Il faut de tout pour faire un bon dialogue: les convaincus, les sincères, les sceptiques mais aussi les adeptes de la démagogie, du TOUT ou RIEN, les habitués de la surenchère et du chantage.
Toutes ces catégories de personnes sont bien sûr présentes au Palais des Congrès dans le cadre du grand dialogue national. Dès la première journée, quelques beaux spécimens se sont illustrés avec en point d’orgue ce que l’un d’eux avait préparé comme un « coup d’éclat » mais qui, malheureusement pour lui, a fait pschitt. La sortie qui se voulait tonitruante n’a fait aucun bruit et est passée complètement inaperçue.

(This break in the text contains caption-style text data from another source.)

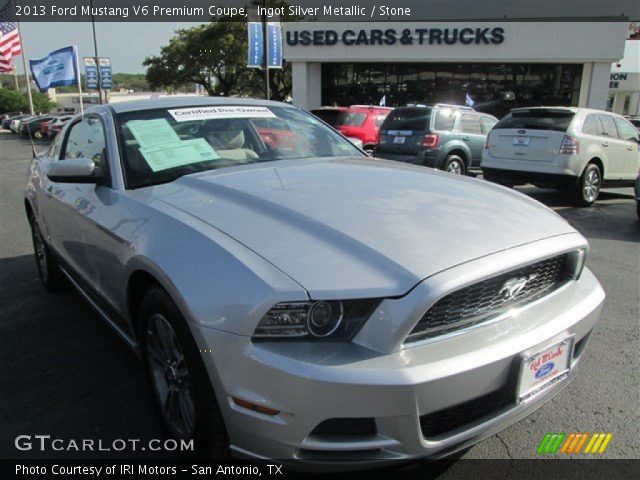 2013 Ford Mustang V6 Premium Coupe in Ingot Silver Metallic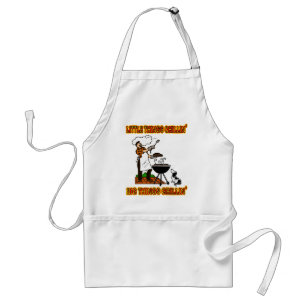 LITTLE THINGS CHILLIN' BIG THINGS GRILLIN' STANDARD APRON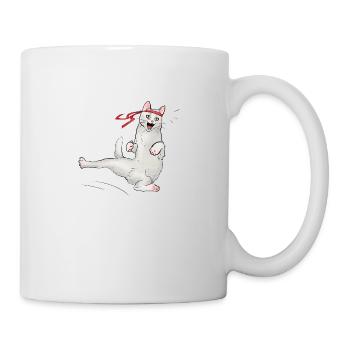 Cat at karate - Mug - white - Right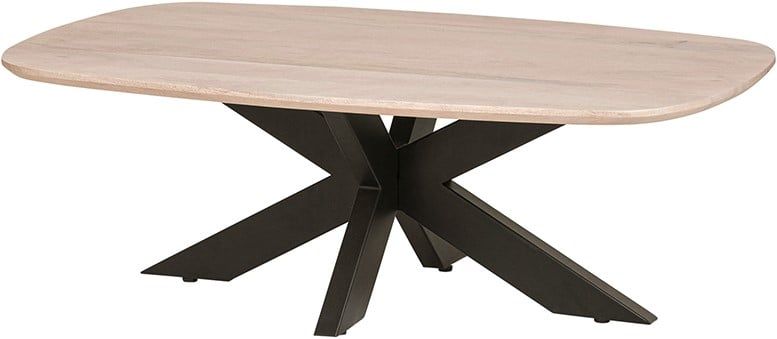Salontafel deens ovaal 120, Mango Ashblond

Il n’est pas exclu que le concerné change d’avis et revienne, tout penaud et repenti, hanter les couloirs du Palais des Congrès. L’heure étant à la repentance et au pardon, il sera accueilli à bras ouverts, puisque le ridicule ne tue pas. La honte non plus.
Il faut de tout pour faire un bon dialogue: les débats à peine commencés, les sempiternels clivages sur le fond et la forme, le contenant et le contenu, l’essentiel et l’accessoire ont repris droit de cité. Le fond c’est l’objectif à atteindre, à savoir faire taire les armes dans le Nord-ouest et le Sud-ouest, y ramener et y installer les conditions d’une paix durable, gage du progrès et du développement dans ces deux régions et dans le reste du pays. L’essentiel c’est de constater que sur huit commissions, six sont présidées par les ressortissants des deux régions en crise. On notera les cas emblématiques de Joshua OSSIH, Cardinal CHRISTIAN TUMI ou encore SIMON MUNZU. Loin d’être un hasard, c’est le témoignage et l’expression de la volonté des organisateurs de mettre les anglophones au centre des travaux, conformément aux directives du président de la république.

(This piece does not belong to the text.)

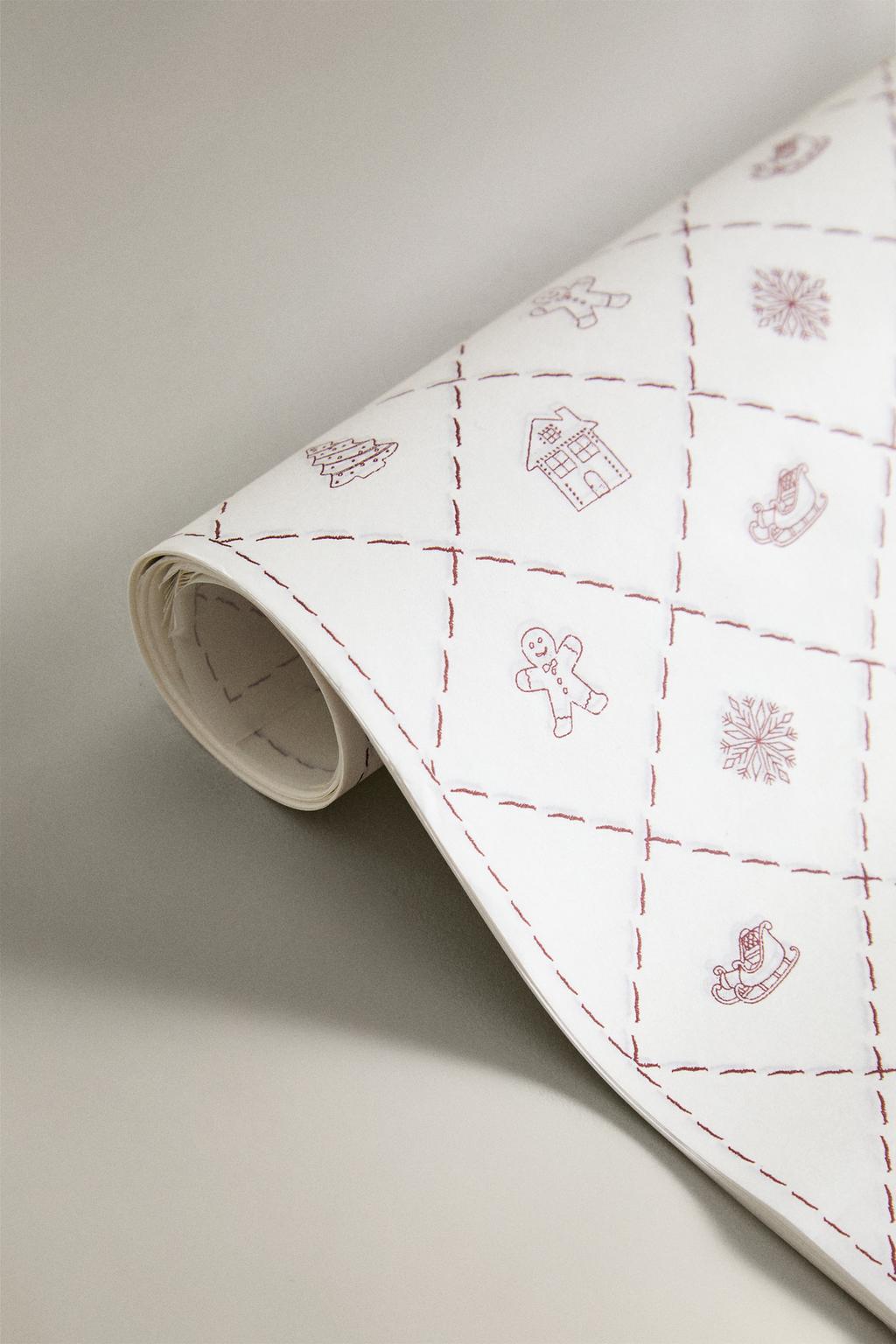 Бумажная фигура для духовки «рождество»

Quant à la polémique sur le contenant et le contenu, elle concerne les deux options sur la forme de l‘Etat: décentralisation poussée, élargie ou approfondie contre fédéralisme à deux, quatre ou dix États. Les Camerounais sont friands de ce type de discussions interminables où personne ne veut entendre raison et s’accroche à ses propres arguments, hélas souvent proches du délire, du fanatisme ou de la passion. Et le comble est qu’ils ne tirent presque jamais les leçons du passé. Au début de la décennie 90, les positions entre partisans et opposants de la conférence nationale souveraine semblaient inconciliables. Les uns s’arc-boutaient sur le contenant, d’autres sur le contenu, Le président Paul BIYA trancha en faveur de la rencontre tripartite. Quelques années plus tard, le débat resurgit concernant la réforme du système électoral. Deux lignes de fracture, mieux deux factions se livrèrent une guerre de tranchées mémorable: les uns pour la Commission Électorale Nationale Indépendante(CENI) et les autres proclamant tout sauf la CENI. Les discussions-négociations entre le RDPC et le SDF en 1997 achoppèrent là-dessus. La suite, tout le monde la connaît: ONEL1 et 2, ELECAM. Depuis la survenance de la crise dite anglophone ce vieux débat refait surface et préempte les discussions. Une fois de plus, certains agitent le contenant comme un fétiche ou un dogme idéologique alors que d’autres brandissent le fait que peu importe le contenant; seul compte le contenu.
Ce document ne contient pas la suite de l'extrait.